Skip the pictures, please, and write out exactly every line from the one containing "The Fantastic Flexy" through the end of the listing below.

########################################

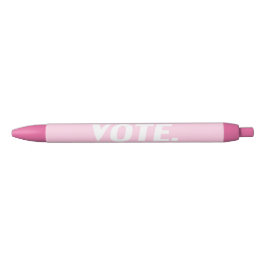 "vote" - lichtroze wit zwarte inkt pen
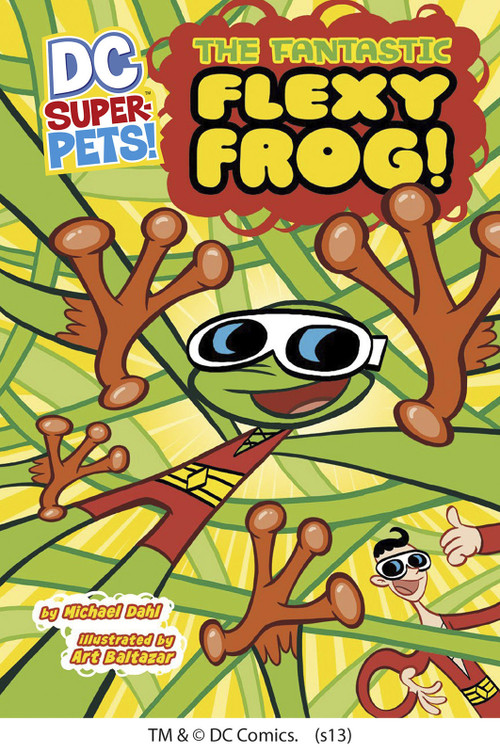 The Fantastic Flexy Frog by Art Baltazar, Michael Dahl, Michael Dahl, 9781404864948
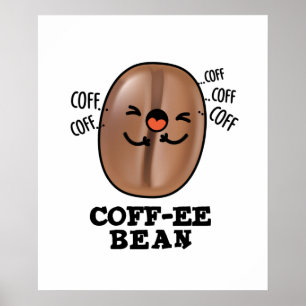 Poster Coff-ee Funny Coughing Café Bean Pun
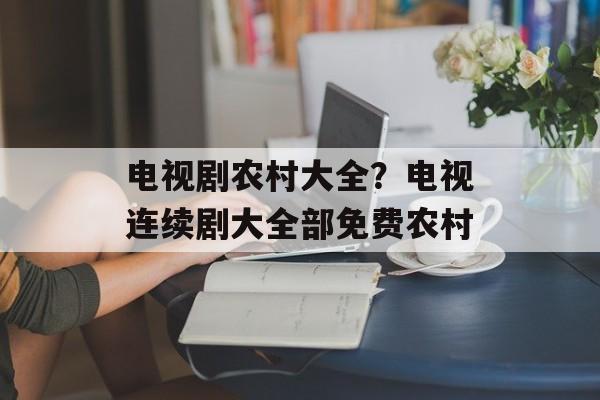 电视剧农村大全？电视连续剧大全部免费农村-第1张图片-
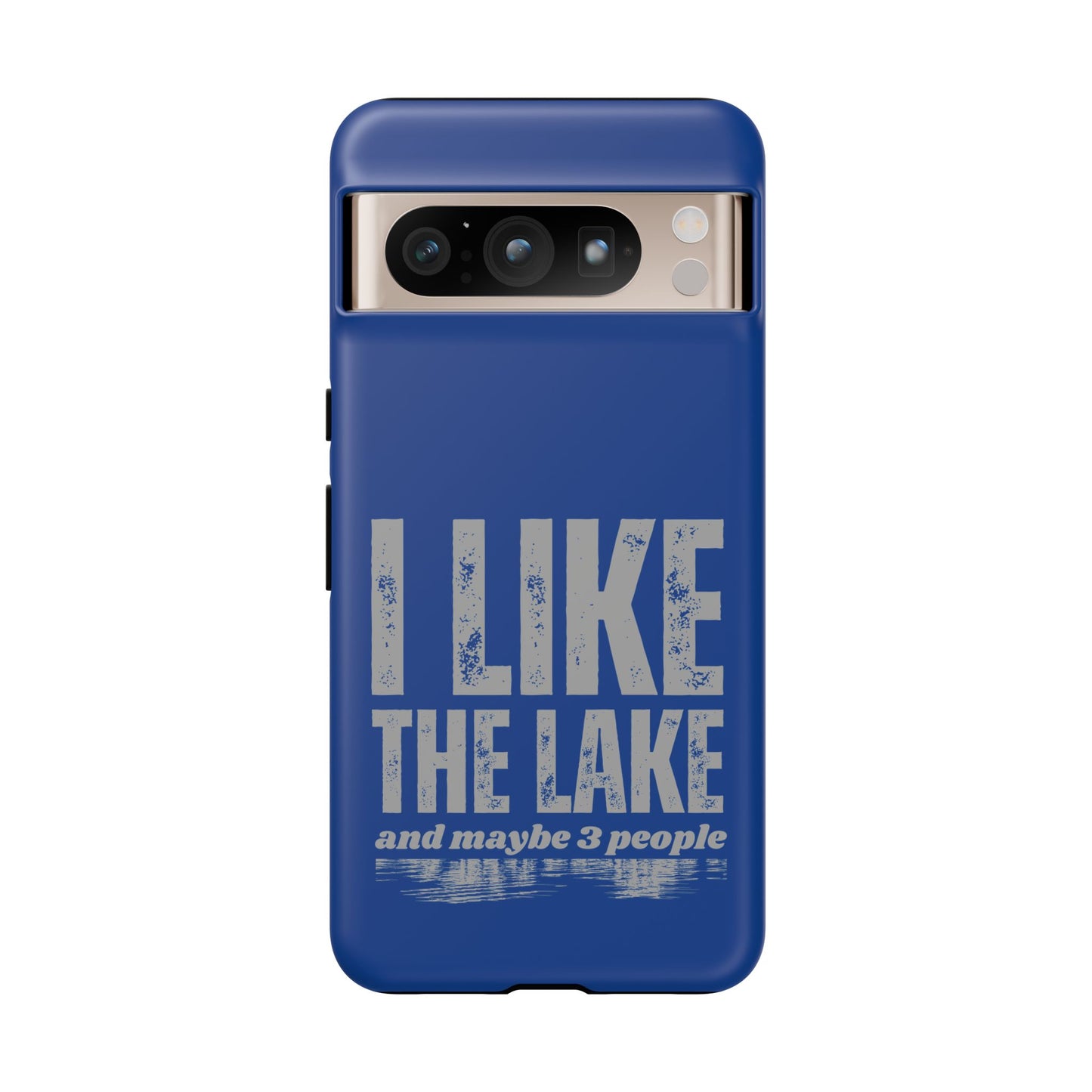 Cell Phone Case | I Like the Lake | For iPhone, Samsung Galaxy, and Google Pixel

########################################

### [Response to the exercise]
 The Fantastic Flexy Frog by Art Baltazar, Michael Dahl, Michael Dahl, 9781404864948
 Poster Coff-ee Funny Coughing Café Bean Pun
 电视剧农村大全？电视连续剧大全部免费农村-第1张图片-
 Cell Phone Case | I Like the Lake | For iPhone, Samsung Galaxy, and Google Pixel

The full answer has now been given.